Segment Start: Records provided

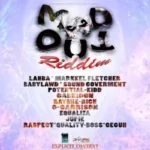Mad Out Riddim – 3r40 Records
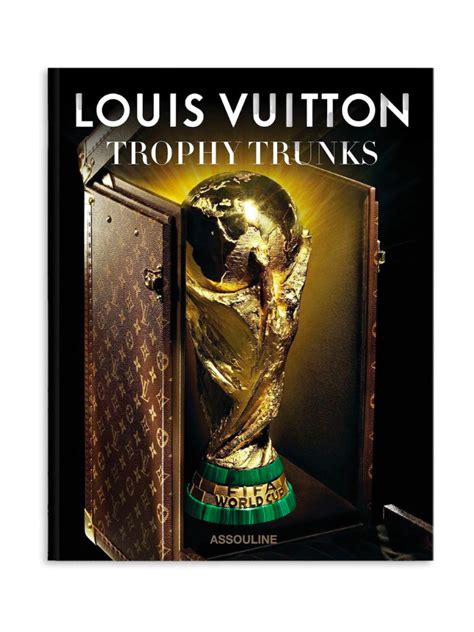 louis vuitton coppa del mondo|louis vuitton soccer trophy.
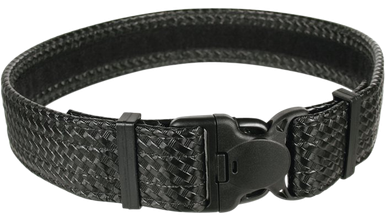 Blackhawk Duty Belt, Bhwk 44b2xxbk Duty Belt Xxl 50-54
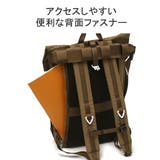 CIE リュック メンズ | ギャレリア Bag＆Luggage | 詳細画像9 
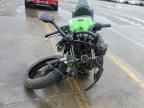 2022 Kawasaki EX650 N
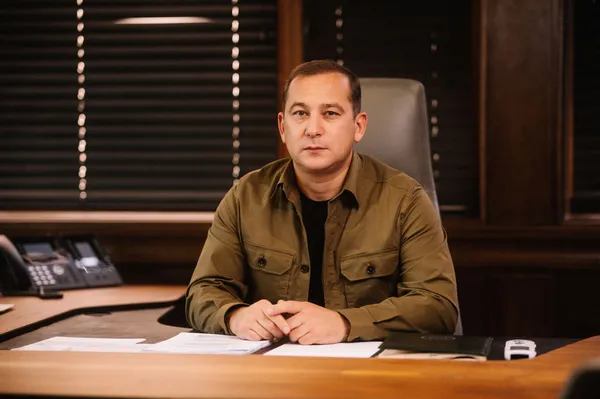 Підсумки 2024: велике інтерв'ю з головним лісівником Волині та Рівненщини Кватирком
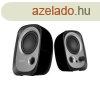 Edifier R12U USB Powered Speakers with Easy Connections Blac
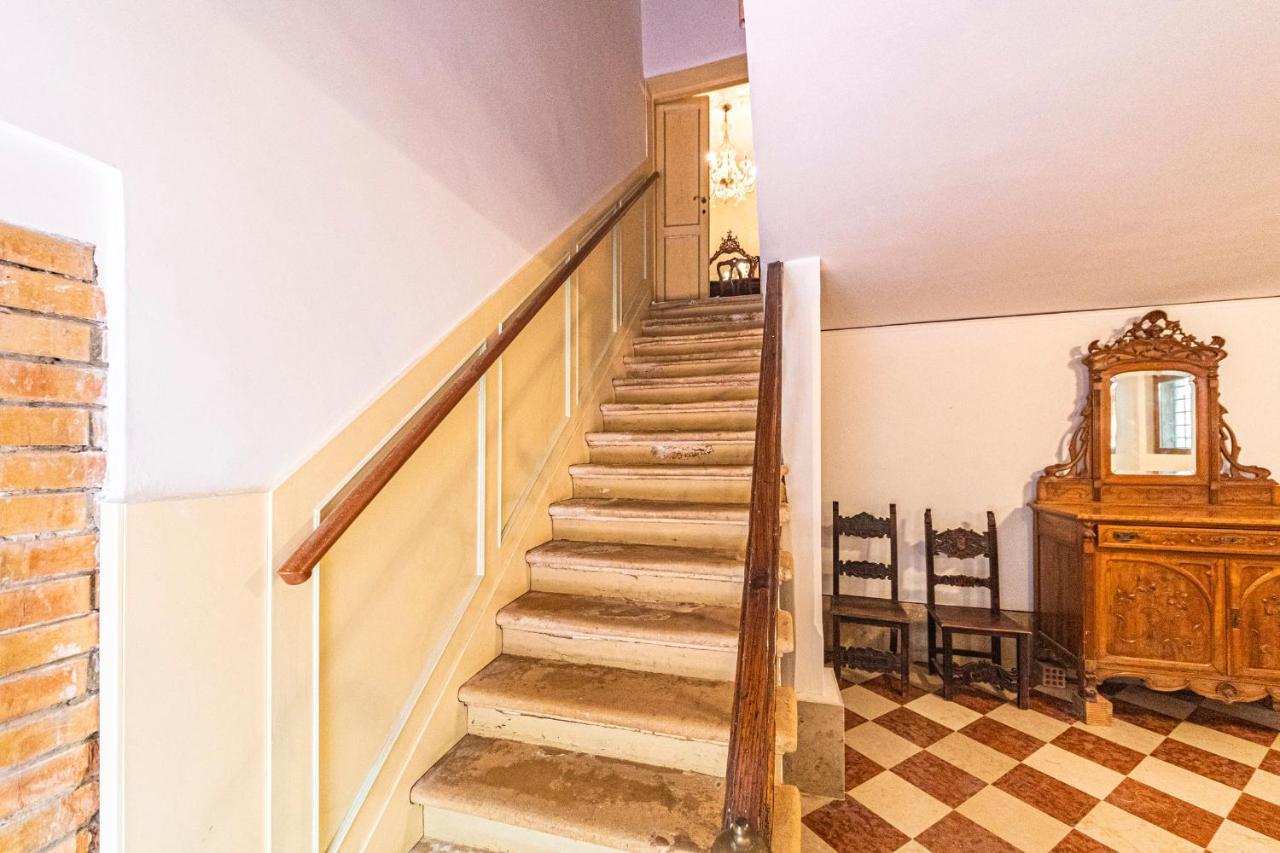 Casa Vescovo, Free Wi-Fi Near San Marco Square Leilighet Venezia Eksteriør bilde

Segment End: Records provided
Segment Start: Records provided

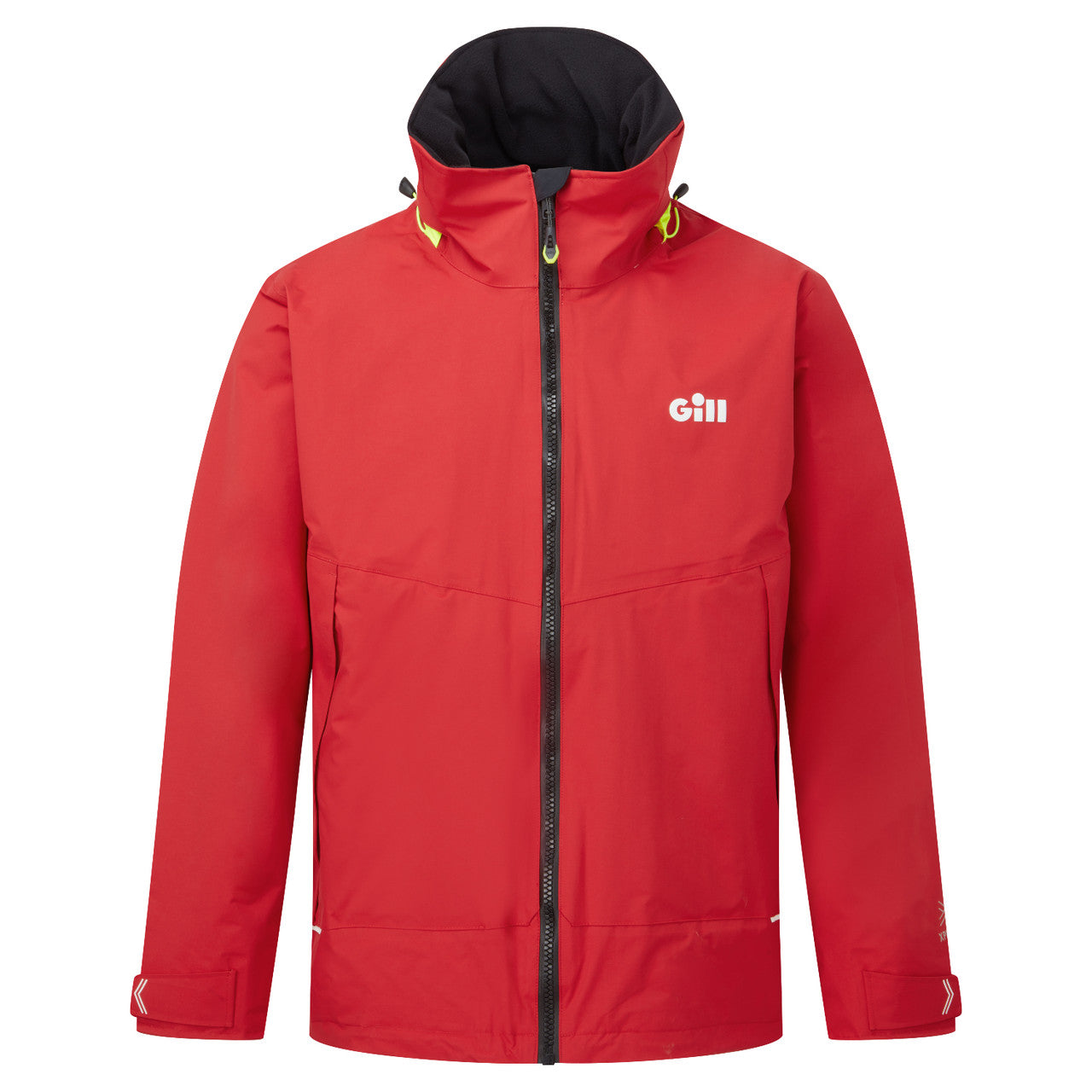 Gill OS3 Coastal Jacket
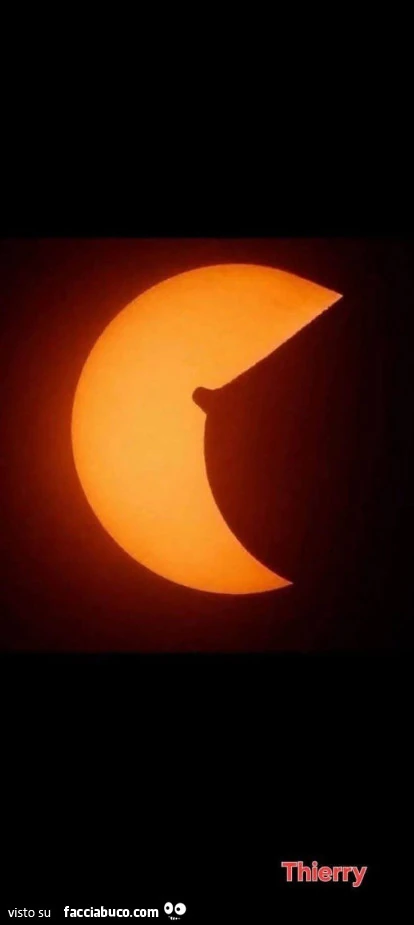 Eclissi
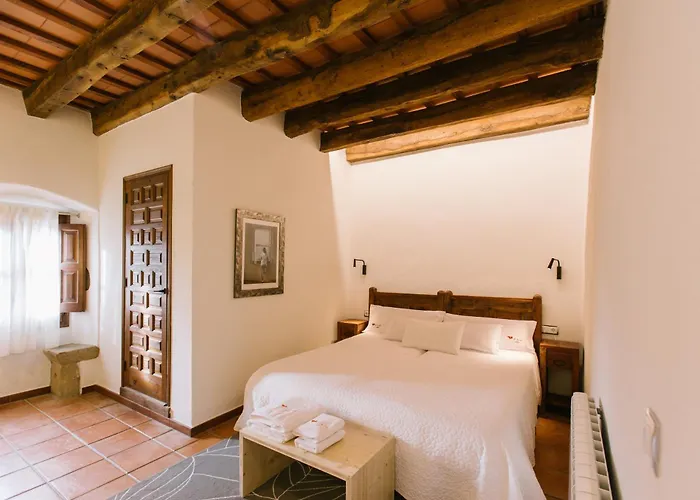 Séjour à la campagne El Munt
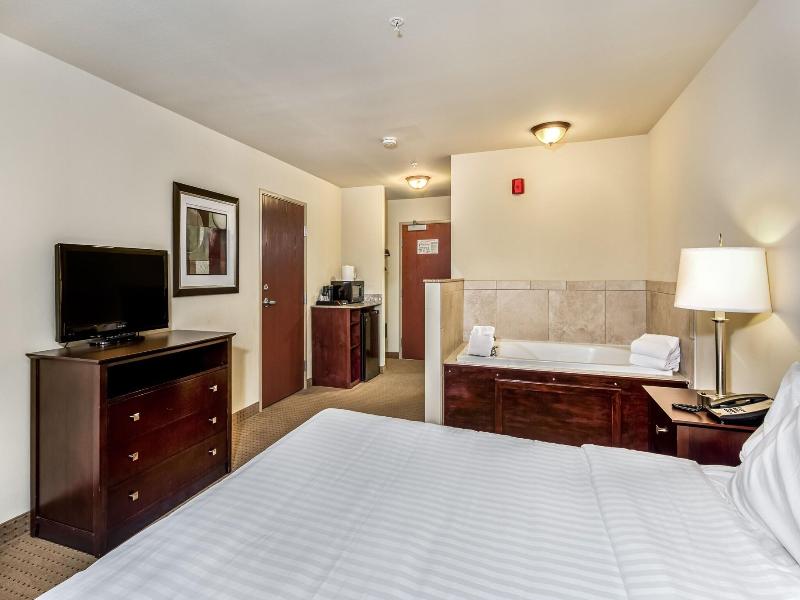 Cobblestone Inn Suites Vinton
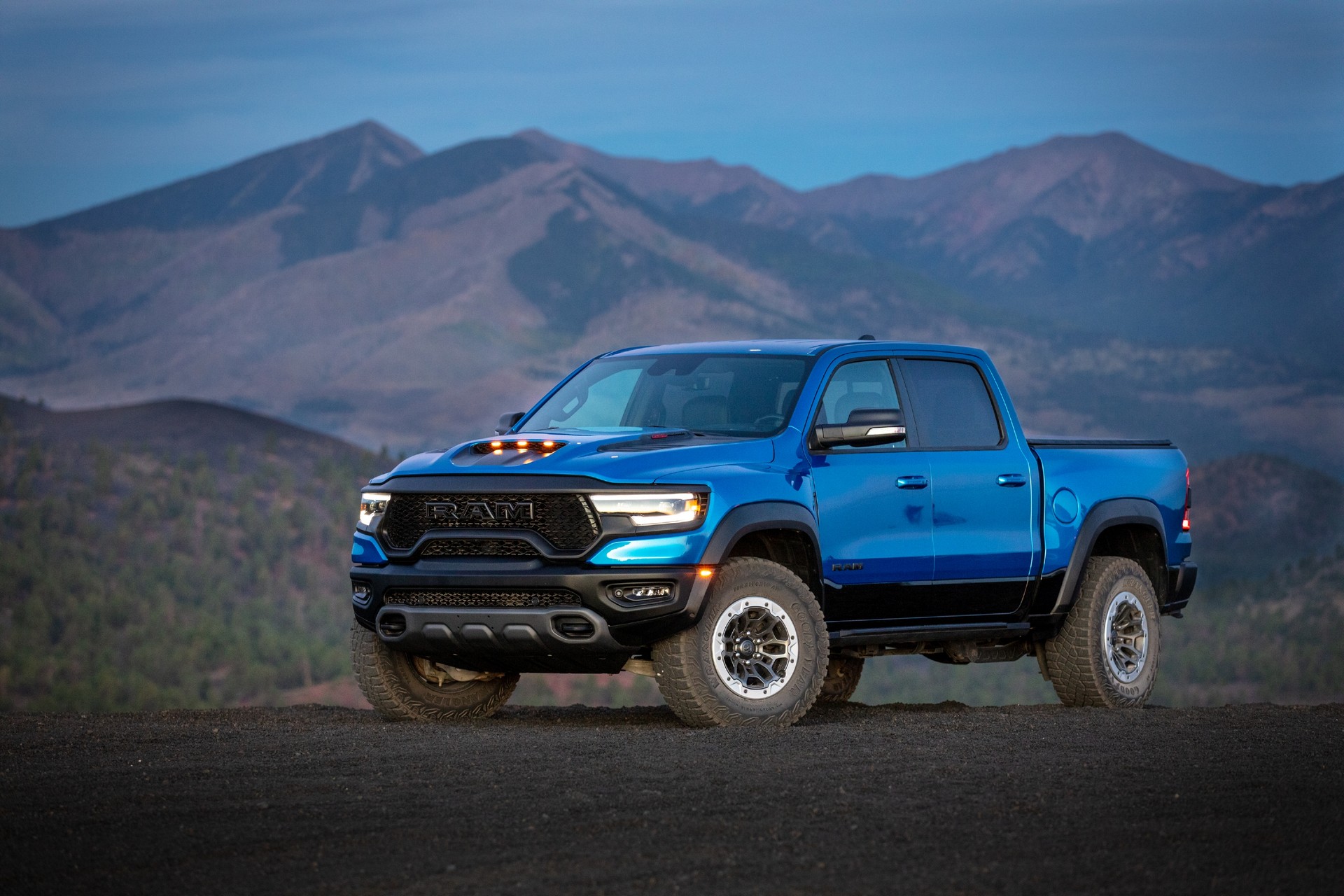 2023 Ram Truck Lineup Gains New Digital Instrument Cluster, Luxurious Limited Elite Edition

Segment End: Records provided

(Task statement):
Your answer must be the exact lines from the records above, from the one containing "Gill OS3 Coastal Jacket" through the one containing "2023 Ram Truck", both included, with every picture left out.

(Your solution):
 Gill OS3 Coastal Jacket
 Eclissi
 Séjour à la campagne El Munt
 Cobblestone Inn Suites Vinton
 2023 Ram Truck Lineup Gains New Digital Instrument Cluster, Luxurious Limited Elite Edition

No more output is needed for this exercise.